But Mary was carrying not an unusual event, but a miraculous one. Both of them knew that their child was to be blessed from the time of their birth. Both considered that they were among the legacy of faith stretching back to Moses’ mother. They bore the shame with pride, knowing that their saviour was to come.
And this is what we need to do. Consider for a second this comment from Mark Steyn, referring to the most recent complaint by GLAAD about some Christians who like shooting ducks and can quote scripture correctly.
In the early days of my free-speech battles in Canada, my friend Ezra Levant used a particular word to me: “de-normalize”. Our enemies didn’t particularly care whether they won in court. Whatever the verdict, they’d succeed in “de-normalizing” us — that’s to say, putting us beyond the pale of polite society and mainstream culture. “De-normalizing” is the business GLAAD and the other enforcers are in. You’ll recall Paula Deen’s accuser eventually lost in court — but the verdict came too late for Ms Deen’s book deal, and TV show, and endorsement contracts.
Up north, Ezra and I decided that, if they were going to “de-normalize” us, we’d “de-normalize” them. So we pushed back, and got the entire racket discredited and, eventually, the law repealed. It’s rough stuff, and exhausting, but the alternative is to let the control-freaks shrivel the bounds of public discourse remorselessly so that soon enough you lack even the words to mount an opposing argument.

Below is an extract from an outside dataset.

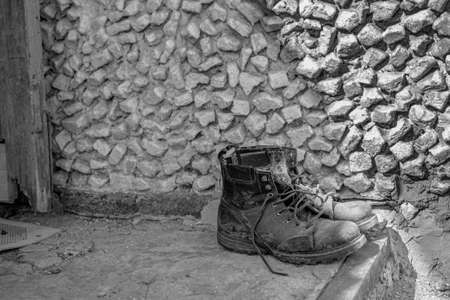 old dirty worn men's military motorcycle boots stand on the doorstep of the house. monochrome, black and white photo.の写真素材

As this commenter to Mr Steorts noted, the point about unearthing two “derogatory” “puerile” yet weirdly prescient gags is that, pace Marx, these days comedy repeats as tragedy.
I am sorry my editor at NR does not grasp the stakes. Indeed, he seems inclined to “normalize” what GLAAD is doing. But, if he truly finds my “derogatory language” offensive, I’d rather he just indefinitely suspend me than twist himself into a soggy pretzel of ambivalent inertia trying to avoid the central point — that a society where lives are ruined over an aside because some identity-group don decides it must be so is ugly and profoundly illiberal.

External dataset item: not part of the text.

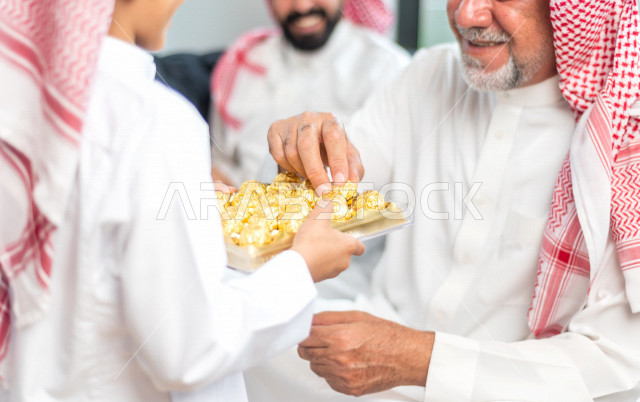 Sharing a wonderful atmosphere for a Saudi family inside the house celebrating Eid Al Fitr, Eid Al Fitr Mubarak, family visits and family gatherings, offering Eids and sweets, Gergean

We live by faith. We see the virgin birth as miraculous: not a preemie, nor the result of heavy petting gone wrong. But as it was written: a woman who had never known a man with child by the work of God. We should see that Joseph was also guided by the spirit, to wed Mary, to take on board the stigma and shame of her pregnancy, and to raise and provide for Jesus, the Christ. We accept there are miracles.
We may know that the sound of hooves generally means there are horses around, but that it may, very rarely, be a zebra. (Reverse this, of course, if you live in Africa). We accept there can be miracles, adn that God can intervene, even in the most hopeless situations.
But the left not only deny the existence of zebras, but de-normalize the word. They could not accept the reasons why Joseph or Mary did what they did — because of a dream? Because God told them to? Instead they want everything neatly tied in boxes that fit into their ideology, or tidily swept away.
Trouble is, humans are like that, and neither is God. The map is not the land, the ideology merely models the structure of society, and the facts on the ground always trump theory.
And when a true miracle occurs, we should rejoice. At Christmas we remember the greatest of these, far more than who made the most tasty morsels.